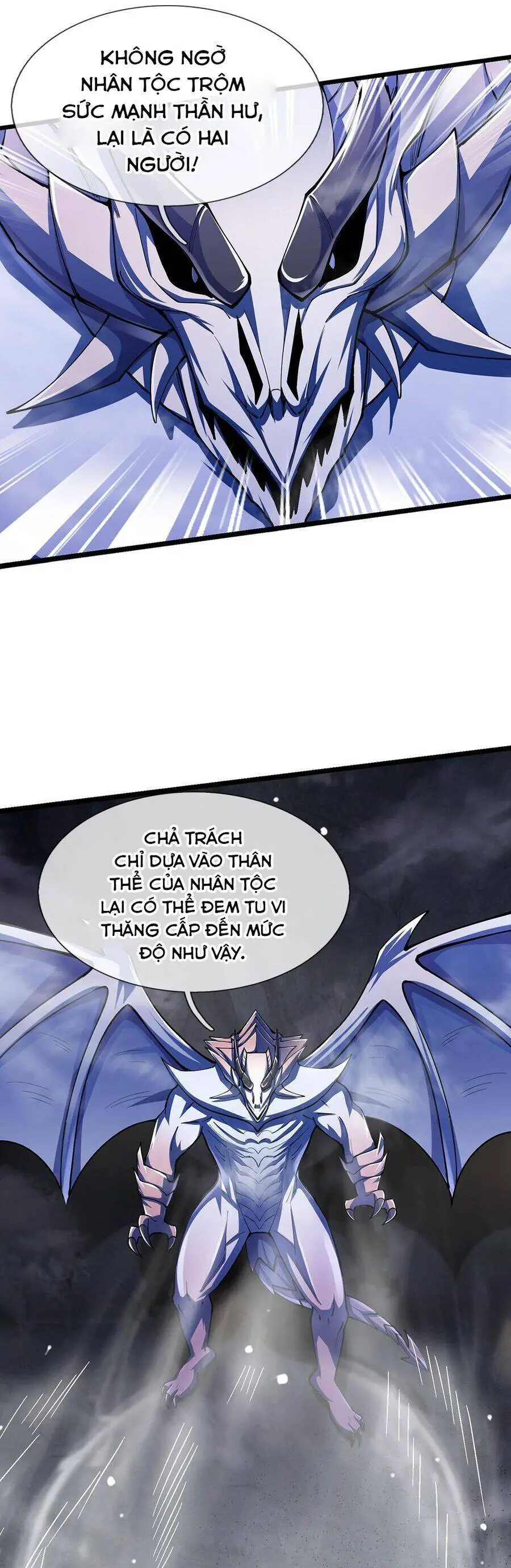 Thần Võ Thiên Tôn Nettruyen ZZZ Chương 684 Page 27
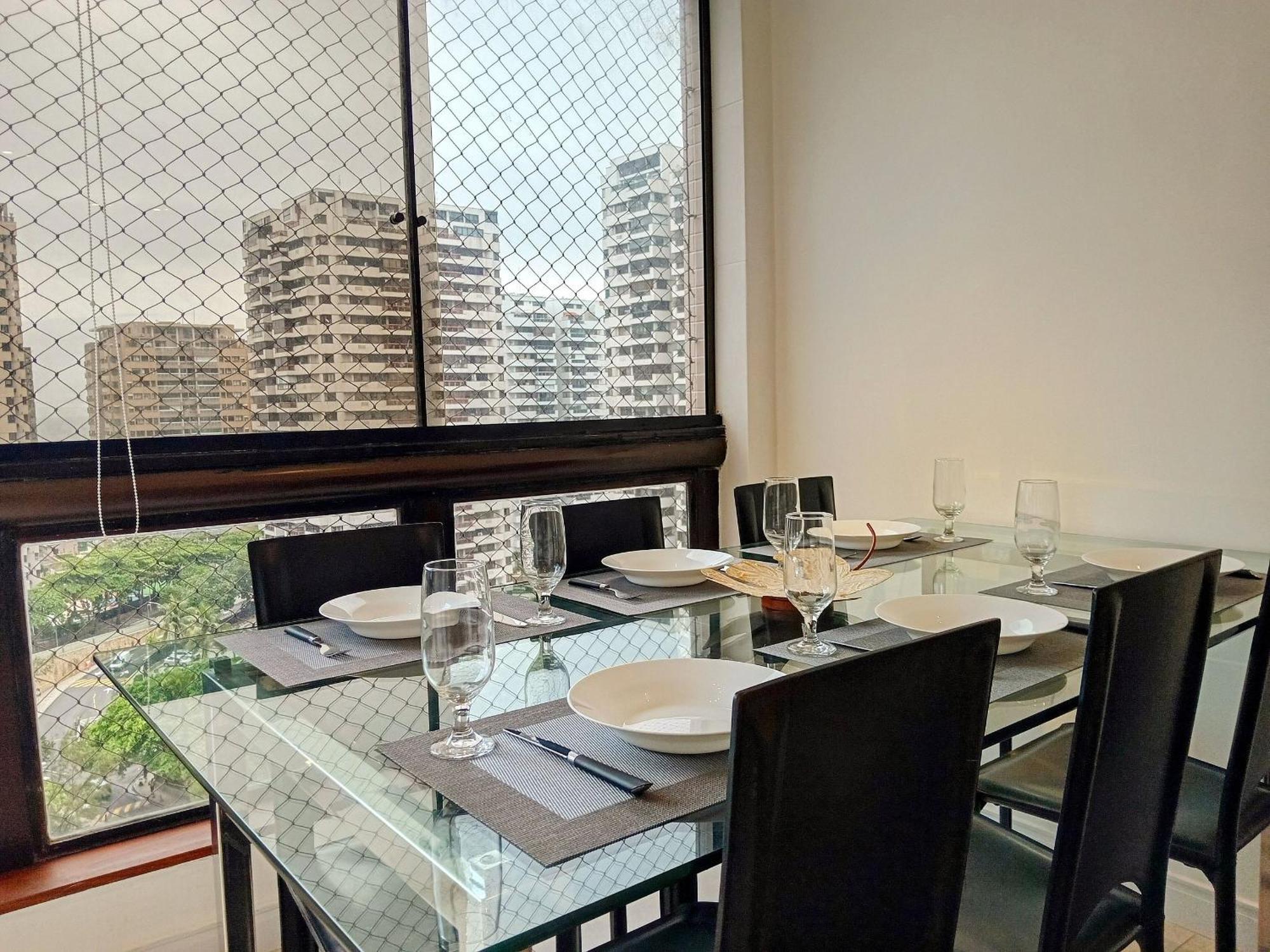 Barra Max - 5 Hospedes, Conforto E Luxo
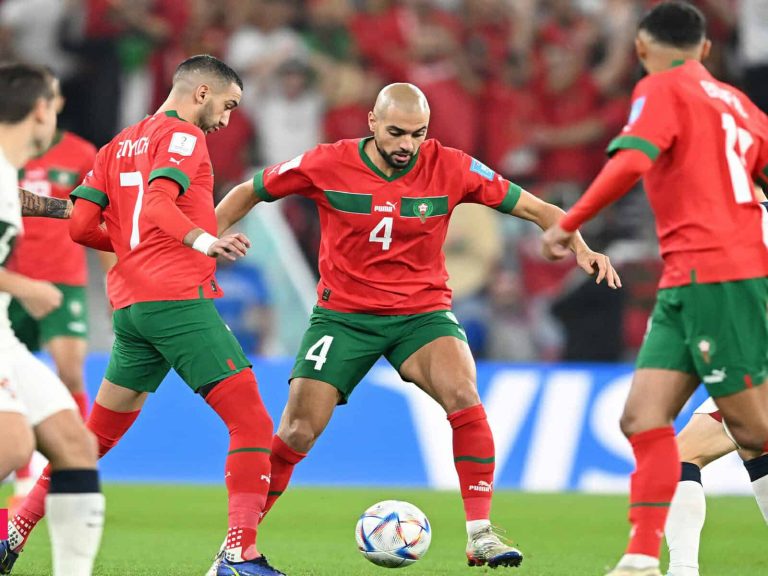 تشكيلة المنتخب المغربي ضد فرنسا في نصف نهائي كأس العالم 2022 تشكيلة المنتخب المغربي اليوم watanserb.com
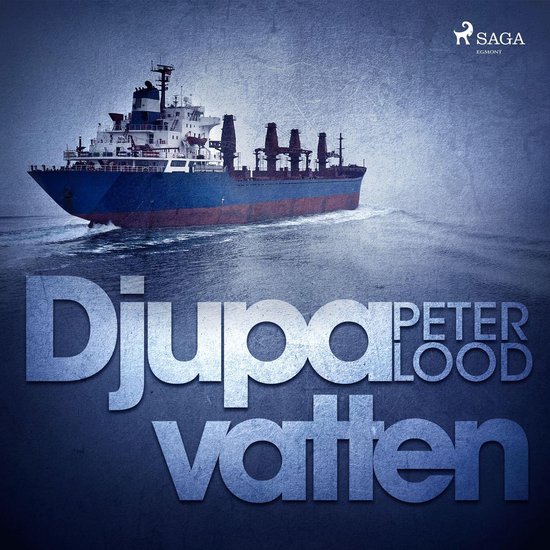 Djupa vatten - cover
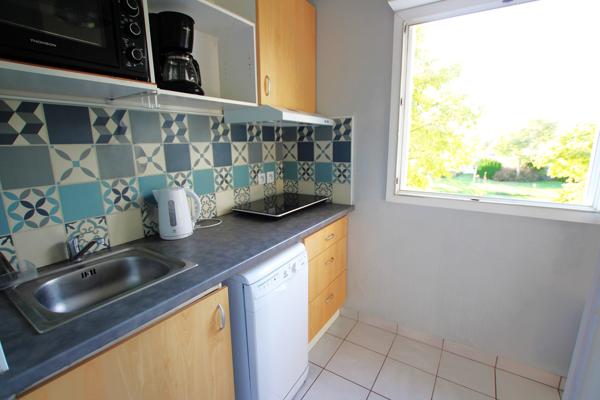 Appartement T2 bis Les Galiotes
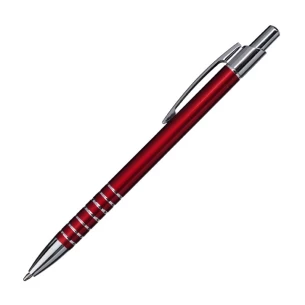 Stylo à bille Elvas - Rouge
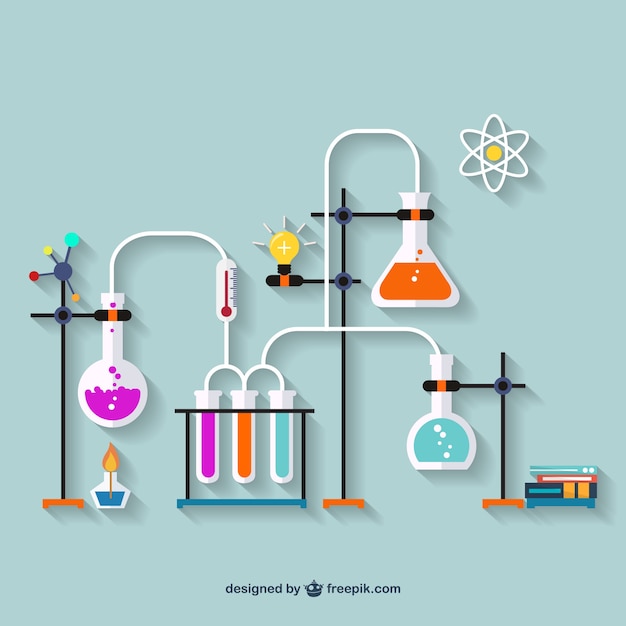 Chemistry lab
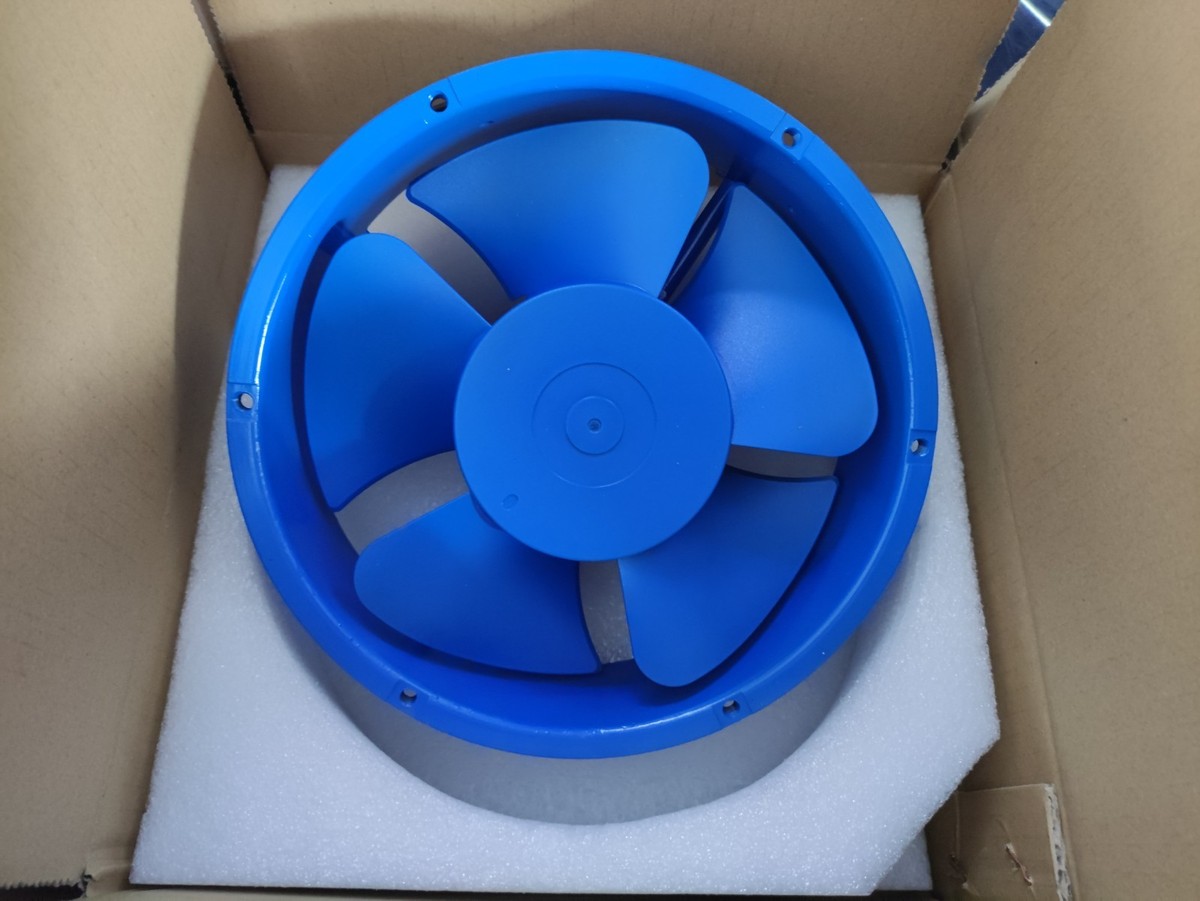 NEW G21070HA2BL AC220V AXIAL FAN 90-day warranty | eBay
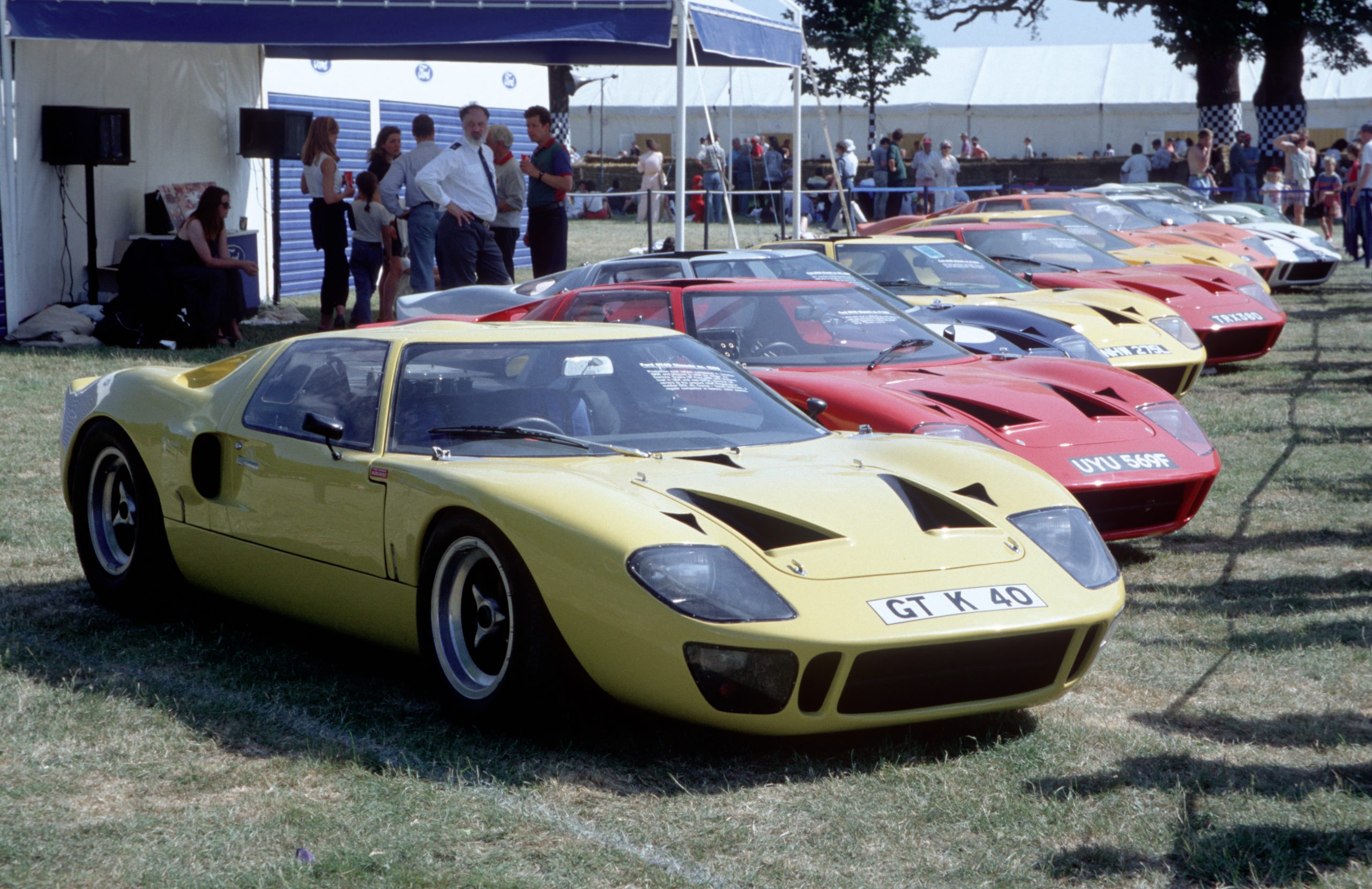 Goodwood House - Chichester - West Sussex - England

────────────────

▶ [How to complete this task]:
Please return the records above exactly as written, dropping every picture.

▶ [Task result]:
 Thần Võ Thiên Tôn Nettruyen ZZZ Chương 684 Page 27
 Barra Max - 5 Hospedes, Conforto E Luxo
 تشكيلة المنتخب المغربي ضد فرنسا في نصف نهائي كأس العالم 2022 تشكيلة المنتخب المغربي اليوم watanserb.com
 Djupa vatten - cover
 Appartement T2 bis Les Galiotes
 Stylo à bille Elvas - Rouge
 Chemistry lab
 NEW G21070HA2BL AC220V AXIAL FAN 90-day warranty | eBay
 Goodwood House - Chichester - West Sussex - England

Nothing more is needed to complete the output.